Nowhere is that more strongly felt than in Alain de Botton's essay 'A world without planes', published on the BBC Radio 4 website (of course). The essay imagines not so much a future world without aircraft as a long-past world, a tribal culture at which 'children would gather at the feet of old men' - a world for which aeroplanes and all of modernity were part of their inaccessible past. De Botton's planeless world feels as though it exists in the aftermath of some terrible war, devoid of a generation of rushing young men.

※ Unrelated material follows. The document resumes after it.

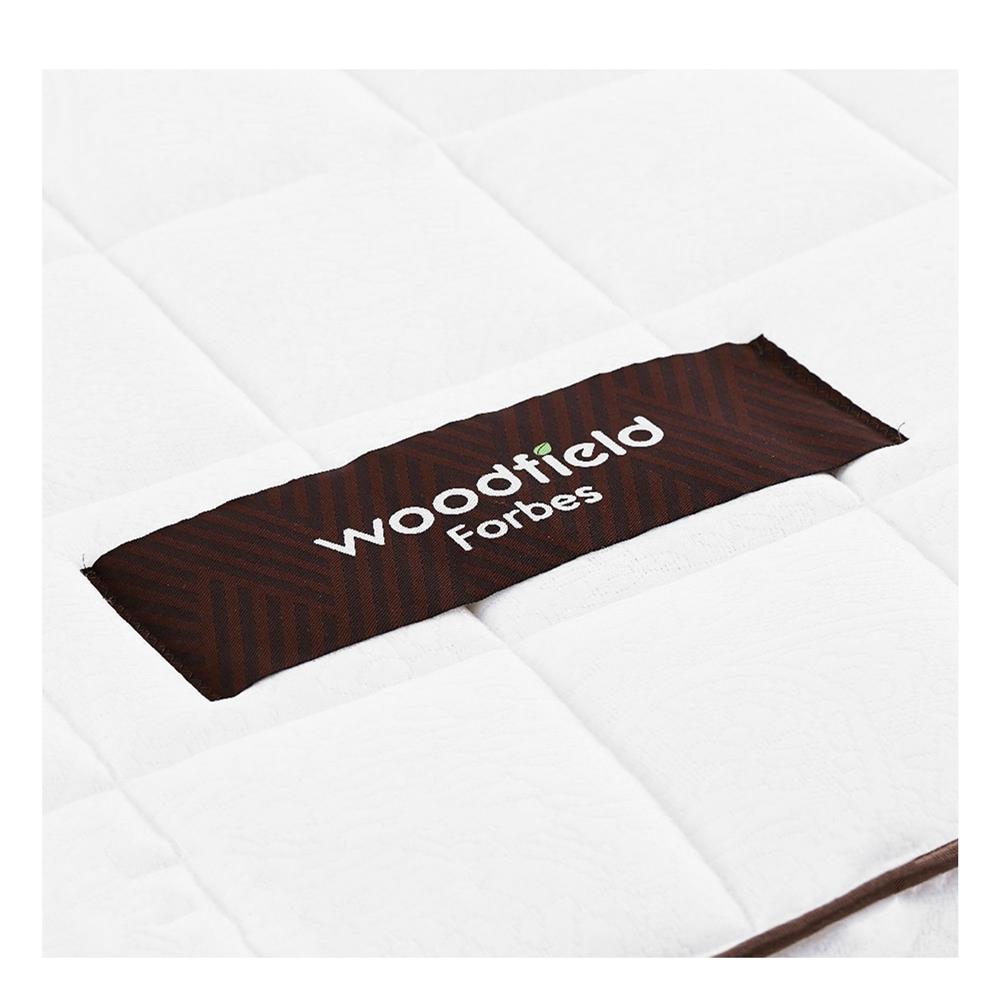 แผ่นรองนอน 6 ฟุต WOODFIELD FORBES สีขาว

In a world without planes, he writes, 'we would admire them like small boys do, and adults no longer dare'. The world without planes is at once an old world (located in the future) and a childish one (located in the past), living a second childhood. If De Botton means at all to imply that the world he has created is senile, he does so subtly; if not, he ignores the sad, gentle mockery that the term 'second childhood' has always carried with it, and its fatalism. His prose unwinds with a languor that fits the slow world he invokes.

To my partial reader's eye, this slowness can never be a welcome return to 'a wisdom that [our] medieval pilgrim ancestors had once known very well'. This is the meander, not of a world that is slow, but of a world that has been slowed. (In aviation terms, we already live in a slowed world, with the demise of Concorde. Of all people, Jeremy Clarkson writes surprisingly powerfully on this.) I tend to disagree forcefully with futurists who advocate return to the predecessor states of ecologically unsustainable systems. Carbon-intensive electricity generation is unsustainable, but it is worth fighting to develop better systems before we get the candles out of the cupboard. I cannot support the ultra-local food movement because if applied everywhere its impact on marginal populations (not to mention marginal costs) would lead to mass starvation. A world without planes is a world in which aid takes months to reach disaster zones, in which displaced relatives cannot return to family emergencies, in which we content ourselves with less. And that's not good enough.